> [Extracted records]
= Beginning of Section =

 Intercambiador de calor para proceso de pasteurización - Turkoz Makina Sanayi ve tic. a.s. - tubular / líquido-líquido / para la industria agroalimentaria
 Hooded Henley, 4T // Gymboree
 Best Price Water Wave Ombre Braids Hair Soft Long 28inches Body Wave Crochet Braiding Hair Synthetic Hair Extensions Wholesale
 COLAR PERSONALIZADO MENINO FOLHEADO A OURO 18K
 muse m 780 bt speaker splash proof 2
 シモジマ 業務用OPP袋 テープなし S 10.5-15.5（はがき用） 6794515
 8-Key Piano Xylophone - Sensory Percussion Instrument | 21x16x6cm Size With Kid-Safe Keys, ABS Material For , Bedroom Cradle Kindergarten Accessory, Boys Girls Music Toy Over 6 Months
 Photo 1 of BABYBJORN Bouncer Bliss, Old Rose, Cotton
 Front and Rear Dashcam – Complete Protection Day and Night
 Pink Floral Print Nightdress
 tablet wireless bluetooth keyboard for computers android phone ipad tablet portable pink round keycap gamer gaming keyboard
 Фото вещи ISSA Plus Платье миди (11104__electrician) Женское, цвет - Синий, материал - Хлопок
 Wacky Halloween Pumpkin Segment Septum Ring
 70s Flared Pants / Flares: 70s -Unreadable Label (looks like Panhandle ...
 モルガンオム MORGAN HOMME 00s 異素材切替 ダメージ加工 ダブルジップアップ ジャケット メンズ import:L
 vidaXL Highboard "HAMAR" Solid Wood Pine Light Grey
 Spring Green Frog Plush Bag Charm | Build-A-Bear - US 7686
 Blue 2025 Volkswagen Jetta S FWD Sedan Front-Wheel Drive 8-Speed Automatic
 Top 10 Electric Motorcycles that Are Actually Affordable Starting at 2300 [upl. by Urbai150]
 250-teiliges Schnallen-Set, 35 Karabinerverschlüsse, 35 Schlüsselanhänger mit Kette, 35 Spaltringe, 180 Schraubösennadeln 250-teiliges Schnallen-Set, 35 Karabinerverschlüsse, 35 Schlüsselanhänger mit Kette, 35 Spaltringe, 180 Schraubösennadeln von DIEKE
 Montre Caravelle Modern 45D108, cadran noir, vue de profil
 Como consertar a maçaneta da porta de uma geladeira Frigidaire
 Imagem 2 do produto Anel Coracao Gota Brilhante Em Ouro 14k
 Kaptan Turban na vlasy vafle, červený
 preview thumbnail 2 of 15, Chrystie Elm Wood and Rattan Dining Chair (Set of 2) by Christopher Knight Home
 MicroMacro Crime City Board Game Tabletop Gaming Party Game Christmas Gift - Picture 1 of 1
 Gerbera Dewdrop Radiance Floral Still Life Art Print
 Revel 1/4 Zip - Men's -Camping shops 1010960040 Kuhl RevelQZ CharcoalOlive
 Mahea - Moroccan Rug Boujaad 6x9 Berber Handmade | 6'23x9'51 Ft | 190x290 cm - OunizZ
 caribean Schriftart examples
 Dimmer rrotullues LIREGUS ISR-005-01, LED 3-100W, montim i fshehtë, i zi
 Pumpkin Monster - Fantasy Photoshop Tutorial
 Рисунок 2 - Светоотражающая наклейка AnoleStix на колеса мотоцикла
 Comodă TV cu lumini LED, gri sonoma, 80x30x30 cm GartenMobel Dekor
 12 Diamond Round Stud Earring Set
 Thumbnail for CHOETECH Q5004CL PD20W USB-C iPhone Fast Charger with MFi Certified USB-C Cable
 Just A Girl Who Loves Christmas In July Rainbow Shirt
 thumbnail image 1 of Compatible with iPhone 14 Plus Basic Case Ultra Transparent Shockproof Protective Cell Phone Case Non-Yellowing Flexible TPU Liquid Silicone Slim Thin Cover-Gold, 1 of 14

= End of Section =

> [Exercise details] Show every line of the data in which the word "Front" appears.

> [Exercise response]
 Front and Rear Dashcam – Complete Protection Day and Night
 Blue 2025 Volkswagen Jetta S FWD Sedan Front-Wheel Drive 8-Speed Automatic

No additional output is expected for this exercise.